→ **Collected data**
---------------
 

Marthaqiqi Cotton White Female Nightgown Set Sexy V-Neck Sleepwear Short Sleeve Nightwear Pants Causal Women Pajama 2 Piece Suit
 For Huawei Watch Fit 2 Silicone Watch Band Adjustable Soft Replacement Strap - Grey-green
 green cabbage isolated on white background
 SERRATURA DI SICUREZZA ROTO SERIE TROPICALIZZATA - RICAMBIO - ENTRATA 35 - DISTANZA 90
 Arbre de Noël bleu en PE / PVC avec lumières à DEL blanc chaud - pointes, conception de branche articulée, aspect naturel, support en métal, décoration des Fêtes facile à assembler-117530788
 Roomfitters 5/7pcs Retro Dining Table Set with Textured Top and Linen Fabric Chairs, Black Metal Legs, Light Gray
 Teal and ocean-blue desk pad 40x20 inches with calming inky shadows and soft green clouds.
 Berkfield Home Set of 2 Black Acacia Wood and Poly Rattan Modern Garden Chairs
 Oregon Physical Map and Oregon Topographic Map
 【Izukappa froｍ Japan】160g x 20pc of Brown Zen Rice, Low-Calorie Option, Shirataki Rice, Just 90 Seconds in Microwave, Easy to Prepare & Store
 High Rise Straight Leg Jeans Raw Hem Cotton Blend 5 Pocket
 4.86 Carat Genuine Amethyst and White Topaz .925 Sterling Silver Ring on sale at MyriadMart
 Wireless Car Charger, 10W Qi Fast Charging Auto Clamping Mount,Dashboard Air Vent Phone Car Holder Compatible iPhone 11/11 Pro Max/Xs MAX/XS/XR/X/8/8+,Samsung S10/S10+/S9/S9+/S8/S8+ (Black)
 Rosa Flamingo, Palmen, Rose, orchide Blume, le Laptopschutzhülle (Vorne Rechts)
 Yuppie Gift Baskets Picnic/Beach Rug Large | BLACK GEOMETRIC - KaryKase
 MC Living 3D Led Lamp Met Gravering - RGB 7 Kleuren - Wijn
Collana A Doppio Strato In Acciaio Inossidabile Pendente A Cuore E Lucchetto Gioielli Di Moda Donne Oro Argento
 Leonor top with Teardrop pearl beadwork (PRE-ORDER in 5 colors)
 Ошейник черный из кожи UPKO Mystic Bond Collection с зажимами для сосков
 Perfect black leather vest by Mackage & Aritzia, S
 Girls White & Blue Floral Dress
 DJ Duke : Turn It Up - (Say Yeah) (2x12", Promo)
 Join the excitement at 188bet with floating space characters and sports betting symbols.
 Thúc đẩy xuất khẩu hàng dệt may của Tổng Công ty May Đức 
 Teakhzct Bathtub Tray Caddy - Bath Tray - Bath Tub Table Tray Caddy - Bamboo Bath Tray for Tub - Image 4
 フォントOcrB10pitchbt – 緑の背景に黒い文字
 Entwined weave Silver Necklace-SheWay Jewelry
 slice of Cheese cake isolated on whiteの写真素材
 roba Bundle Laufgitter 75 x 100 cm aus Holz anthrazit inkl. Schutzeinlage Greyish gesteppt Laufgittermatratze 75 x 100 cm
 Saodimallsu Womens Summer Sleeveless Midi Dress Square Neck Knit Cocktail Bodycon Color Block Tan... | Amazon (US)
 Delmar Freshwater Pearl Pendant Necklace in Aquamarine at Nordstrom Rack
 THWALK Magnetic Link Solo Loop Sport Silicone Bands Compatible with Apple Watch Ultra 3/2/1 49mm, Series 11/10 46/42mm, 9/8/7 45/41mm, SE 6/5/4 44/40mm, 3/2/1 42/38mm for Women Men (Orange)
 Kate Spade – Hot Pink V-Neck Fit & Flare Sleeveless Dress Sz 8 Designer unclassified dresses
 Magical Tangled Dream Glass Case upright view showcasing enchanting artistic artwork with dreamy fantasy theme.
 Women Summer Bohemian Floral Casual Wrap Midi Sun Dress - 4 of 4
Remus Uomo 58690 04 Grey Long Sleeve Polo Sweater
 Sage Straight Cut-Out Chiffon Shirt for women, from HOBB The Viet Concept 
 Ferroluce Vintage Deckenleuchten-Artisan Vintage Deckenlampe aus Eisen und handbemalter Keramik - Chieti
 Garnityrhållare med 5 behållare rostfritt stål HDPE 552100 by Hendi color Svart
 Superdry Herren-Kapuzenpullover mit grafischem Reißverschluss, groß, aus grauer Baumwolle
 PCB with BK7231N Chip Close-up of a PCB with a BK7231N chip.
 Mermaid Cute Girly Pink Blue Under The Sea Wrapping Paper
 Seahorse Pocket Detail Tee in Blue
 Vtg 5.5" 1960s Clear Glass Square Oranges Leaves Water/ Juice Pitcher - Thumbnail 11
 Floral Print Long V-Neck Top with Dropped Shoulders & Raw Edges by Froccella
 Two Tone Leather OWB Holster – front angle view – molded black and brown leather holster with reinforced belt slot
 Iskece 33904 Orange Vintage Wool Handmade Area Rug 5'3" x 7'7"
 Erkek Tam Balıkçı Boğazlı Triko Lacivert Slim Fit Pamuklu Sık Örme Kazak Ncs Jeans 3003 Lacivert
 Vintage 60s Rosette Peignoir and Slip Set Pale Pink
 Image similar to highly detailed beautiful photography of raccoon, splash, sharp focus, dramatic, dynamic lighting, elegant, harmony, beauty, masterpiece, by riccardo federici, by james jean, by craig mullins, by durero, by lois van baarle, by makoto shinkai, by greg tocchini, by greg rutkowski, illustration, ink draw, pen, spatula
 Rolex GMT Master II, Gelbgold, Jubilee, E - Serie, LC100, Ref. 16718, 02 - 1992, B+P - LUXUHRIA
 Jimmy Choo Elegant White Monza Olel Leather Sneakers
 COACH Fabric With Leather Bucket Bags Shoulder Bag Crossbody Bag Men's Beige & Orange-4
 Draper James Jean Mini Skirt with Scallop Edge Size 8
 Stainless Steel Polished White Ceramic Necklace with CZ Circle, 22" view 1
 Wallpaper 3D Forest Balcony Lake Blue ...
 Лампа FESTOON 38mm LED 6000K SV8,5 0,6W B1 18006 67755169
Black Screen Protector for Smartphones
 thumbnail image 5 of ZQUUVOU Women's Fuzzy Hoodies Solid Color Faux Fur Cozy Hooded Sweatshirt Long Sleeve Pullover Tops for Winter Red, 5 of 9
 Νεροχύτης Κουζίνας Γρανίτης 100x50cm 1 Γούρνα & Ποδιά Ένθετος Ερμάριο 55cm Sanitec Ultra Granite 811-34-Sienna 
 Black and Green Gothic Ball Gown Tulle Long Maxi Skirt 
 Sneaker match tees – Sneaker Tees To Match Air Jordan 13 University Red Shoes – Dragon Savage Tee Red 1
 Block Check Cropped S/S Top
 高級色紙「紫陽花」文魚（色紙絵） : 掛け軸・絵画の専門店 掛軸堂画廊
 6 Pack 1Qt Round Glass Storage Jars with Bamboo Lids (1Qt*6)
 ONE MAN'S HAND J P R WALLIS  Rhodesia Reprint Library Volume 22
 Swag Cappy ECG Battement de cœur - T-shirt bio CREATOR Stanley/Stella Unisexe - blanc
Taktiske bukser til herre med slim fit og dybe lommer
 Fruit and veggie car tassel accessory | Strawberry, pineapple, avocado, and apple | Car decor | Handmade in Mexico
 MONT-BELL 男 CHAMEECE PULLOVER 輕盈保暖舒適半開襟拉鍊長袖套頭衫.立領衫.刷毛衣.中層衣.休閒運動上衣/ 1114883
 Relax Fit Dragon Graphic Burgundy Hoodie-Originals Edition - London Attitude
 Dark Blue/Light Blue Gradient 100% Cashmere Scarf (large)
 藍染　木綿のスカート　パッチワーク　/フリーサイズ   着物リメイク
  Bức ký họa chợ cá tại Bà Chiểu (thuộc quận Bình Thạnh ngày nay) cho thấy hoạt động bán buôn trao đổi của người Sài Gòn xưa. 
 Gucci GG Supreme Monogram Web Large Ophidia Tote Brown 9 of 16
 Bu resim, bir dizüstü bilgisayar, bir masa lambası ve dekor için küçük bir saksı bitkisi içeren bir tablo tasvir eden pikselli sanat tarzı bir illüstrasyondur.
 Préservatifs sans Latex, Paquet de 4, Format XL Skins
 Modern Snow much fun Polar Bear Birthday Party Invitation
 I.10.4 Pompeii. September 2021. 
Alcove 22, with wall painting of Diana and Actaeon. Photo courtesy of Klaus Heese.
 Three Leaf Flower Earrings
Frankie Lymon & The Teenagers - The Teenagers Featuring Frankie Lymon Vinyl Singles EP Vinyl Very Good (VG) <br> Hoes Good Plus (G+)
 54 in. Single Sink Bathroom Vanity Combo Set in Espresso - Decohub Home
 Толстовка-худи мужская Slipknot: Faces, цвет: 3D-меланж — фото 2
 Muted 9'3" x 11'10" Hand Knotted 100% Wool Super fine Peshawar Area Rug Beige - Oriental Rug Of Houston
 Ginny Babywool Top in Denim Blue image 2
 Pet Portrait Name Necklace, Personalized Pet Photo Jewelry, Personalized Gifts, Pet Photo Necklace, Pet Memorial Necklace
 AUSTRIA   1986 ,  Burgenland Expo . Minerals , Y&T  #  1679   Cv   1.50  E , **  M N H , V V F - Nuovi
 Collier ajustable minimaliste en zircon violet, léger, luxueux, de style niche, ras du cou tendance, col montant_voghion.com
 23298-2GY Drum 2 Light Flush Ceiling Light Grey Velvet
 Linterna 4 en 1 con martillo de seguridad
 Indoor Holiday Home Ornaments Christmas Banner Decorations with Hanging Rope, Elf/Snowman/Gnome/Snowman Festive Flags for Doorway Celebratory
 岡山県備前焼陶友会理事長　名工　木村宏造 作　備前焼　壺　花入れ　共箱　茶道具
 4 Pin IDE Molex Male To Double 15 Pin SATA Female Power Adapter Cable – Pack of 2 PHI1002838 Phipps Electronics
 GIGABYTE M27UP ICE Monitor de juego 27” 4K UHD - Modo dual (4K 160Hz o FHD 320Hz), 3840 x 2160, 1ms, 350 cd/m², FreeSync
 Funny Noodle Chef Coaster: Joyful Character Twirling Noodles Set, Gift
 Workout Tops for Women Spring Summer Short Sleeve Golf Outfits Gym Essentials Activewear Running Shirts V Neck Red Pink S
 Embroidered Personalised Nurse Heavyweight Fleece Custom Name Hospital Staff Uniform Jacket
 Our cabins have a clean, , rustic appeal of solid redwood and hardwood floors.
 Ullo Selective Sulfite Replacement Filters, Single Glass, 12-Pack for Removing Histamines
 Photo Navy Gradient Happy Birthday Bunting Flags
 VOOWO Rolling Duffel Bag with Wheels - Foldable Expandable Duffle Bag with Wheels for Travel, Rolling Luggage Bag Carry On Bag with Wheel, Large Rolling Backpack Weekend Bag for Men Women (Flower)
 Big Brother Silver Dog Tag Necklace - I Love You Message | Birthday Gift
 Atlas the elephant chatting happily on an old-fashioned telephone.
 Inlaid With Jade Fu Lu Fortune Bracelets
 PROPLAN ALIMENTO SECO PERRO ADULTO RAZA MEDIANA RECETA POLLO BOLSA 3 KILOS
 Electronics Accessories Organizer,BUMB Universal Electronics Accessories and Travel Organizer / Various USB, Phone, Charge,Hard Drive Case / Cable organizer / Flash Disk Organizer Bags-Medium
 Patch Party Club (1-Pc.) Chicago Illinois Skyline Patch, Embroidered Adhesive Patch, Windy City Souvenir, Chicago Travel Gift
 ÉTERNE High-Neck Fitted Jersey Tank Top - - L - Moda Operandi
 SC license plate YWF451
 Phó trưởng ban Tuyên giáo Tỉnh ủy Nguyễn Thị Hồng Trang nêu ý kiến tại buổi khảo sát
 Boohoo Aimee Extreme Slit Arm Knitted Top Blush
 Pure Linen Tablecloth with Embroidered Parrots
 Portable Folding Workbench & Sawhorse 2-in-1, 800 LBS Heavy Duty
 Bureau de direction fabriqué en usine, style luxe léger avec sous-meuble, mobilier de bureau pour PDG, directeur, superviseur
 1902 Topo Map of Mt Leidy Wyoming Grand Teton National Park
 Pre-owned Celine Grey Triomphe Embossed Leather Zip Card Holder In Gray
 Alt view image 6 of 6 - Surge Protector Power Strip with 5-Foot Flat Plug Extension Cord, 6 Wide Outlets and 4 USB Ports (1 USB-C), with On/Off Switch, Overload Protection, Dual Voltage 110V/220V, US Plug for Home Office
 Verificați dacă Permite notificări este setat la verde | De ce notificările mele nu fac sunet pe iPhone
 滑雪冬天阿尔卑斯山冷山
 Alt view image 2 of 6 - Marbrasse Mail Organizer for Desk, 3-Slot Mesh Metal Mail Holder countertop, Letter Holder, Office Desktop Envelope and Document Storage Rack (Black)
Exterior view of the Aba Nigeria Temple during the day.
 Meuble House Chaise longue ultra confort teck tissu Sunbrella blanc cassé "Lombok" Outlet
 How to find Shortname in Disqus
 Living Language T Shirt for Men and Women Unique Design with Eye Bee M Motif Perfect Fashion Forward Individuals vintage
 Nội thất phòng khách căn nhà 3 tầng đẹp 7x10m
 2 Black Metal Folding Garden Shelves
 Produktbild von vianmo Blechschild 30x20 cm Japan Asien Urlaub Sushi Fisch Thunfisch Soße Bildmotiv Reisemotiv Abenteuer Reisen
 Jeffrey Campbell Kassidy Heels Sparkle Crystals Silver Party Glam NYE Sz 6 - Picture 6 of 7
---------------
→ **What to do**
Using the entries above, repeat only the lines from the one containing "Modern Snow much" through the one containing "Big Brother Silver", end lines included.

→ **Output for this exercise**
 Modern Snow much fun Polar Bear Birthday Party Invitation
 I.10.4 Pompeii. September 2021. 
Alcove 22, with wall painting of Diana and Actaeon. Photo courtesy of Klaus Heese.
 Three Leaf Flower Earrings
Frankie Lymon & The Teenagers - The Teenagers Featuring Frankie Lymon Vinyl Singles EP Vinyl Very Good (VG) <br> Hoes Good Plus (G+)
 54 in. Single Sink Bathroom Vanity Combo Set in Espresso - Decohub Home
 Толстовка-худи мужская Slipknot: Faces, цвет: 3D-меланж — фото 2
 Muted 9'3" x 11'10" Hand Knotted 100% Wool Super fine Peshawar Area Rug Beige - Oriental Rug Of Houston
 Ginny Babywool Top in Denim Blue image 2
 Pet Portrait Name Necklace, Personalized Pet Photo Jewelry, Personalized Gifts, Pet Photo Necklace, Pet Memorial Necklace
 AUSTRIA   1986 ,  Burgenland Expo . Minerals , Y&T  #  1679   Cv   1.50  E , **  M N H , V V F - Nuovi
 Collier ajustable minimaliste en zircon violet, léger, luxueux, de style niche, ras du cou tendance, col montant_voghion.com
 23298-2GY Drum 2 Light Flush Ceiling Light Grey Velvet
 Linterna 4 en 1 con martillo de seguridad
 Indoor Holiday Home Ornaments Christmas Banner Decorations with Hanging Rope, Elf/Snowman/Gnome/Snowman Festive Flags for Doorway Celebratory
 岡山県備前焼陶友会理事長　名工　木村宏造 作　備前焼　壺　花入れ　共箱　茶道具
 4 Pin IDE Molex Male To Double 15 Pin SATA Female Power Adapter Cable – Pack of 2 PHI1002838 Phipps Electronics
 GIGABYTE M27UP ICE Monitor de juego 27” 4K UHD - Modo dual (4K 160Hz o FHD 320Hz), 3840 x 2160, 1ms, 350 cd/m², FreeSync
 Funny Noodle Chef Coaster: Joyful Character Twirling Noodles Set, Gift
 Workout Tops for Women Spring Summer Short Sleeve Golf Outfits Gym Essentials Activewear Running Shirts V Neck Red Pink S
 Embroidered Personalised Nurse Heavyweight Fleece Custom Name Hospital Staff Uniform Jacket
 Our cabins have a clean, , rustic appeal of solid redwood and hardwood floors.
 Ullo Selective Sulfite Replacement Filters, Single Glass, 12-Pack for Removing Histamines
 Photo Navy Gradient Happy Birthday Bunting Flags
 VOOWO Rolling Duffel Bag with Wheels - Foldable Expandable Duffle Bag with Wheels for Travel, Rolling Luggage Bag Carry On Bag with Wheel, Large Rolling Backpack Weekend Bag for Men Women (Flower)
 Big Brother Silver Dog Tag Necklace - I Love You Message | Birthday Gift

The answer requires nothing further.